Em uma abelha na chuva somos espectadores do amor que apoquenta a vida de vários casais, amor escasso, inexistente e outras vezes abundante. Os Silvestres, grandes burgueses rurais, formaram‑se com Maria dos Prazeres, uma mulher com costados de nobreza e penúria financeira, dada a casamento pelo pai a Álvaro Silvestre, um fazendeiro e comerciante que tinha ganho a vida da terra e, depois do casamento, do roubo aos homens na terra e a Deus no céu.
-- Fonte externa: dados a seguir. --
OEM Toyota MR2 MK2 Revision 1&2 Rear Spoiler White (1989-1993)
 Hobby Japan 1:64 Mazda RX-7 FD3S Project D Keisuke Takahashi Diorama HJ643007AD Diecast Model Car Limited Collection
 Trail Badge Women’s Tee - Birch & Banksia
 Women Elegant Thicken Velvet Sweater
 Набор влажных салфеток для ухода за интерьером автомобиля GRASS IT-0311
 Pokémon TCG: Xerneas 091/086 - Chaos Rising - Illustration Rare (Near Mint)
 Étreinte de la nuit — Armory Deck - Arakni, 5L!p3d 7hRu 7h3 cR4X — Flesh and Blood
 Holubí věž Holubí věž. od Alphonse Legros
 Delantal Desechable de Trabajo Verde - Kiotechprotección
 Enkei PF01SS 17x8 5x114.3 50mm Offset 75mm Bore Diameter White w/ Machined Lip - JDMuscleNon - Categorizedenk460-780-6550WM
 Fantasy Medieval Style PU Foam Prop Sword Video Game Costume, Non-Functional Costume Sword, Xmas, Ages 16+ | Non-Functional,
No seio do matrimónio estéril, por entre as paredes de casa, Álvaro ouve o cocheiro rir‑se à sua custa com a criada, que é também amante do cocheiro. Diz que a patroa “o devora com os olhos” e muito se riem; Álvaro, bêbedo de brandy e vingança, planeia o fim de um amor que já trazia fruto no ventre. Uma Abelha na Chuva foi publicada no ano de 1953, nas linhas de um movimento literário neorealista que procurava recuperar a imagem da colectividade e do trabalho comum em Portugal.
Carlos de Oliveira foi mais longe: a luta de classes representada da sua obra é fomentada pelas frustrações individuais dos personagens que não produzem, nem reproduzem, mas que roubam e escondem. Cada um, uma abelha à chuva, incapazes de cumprir o dever na colmeia que é este nosso Portugal.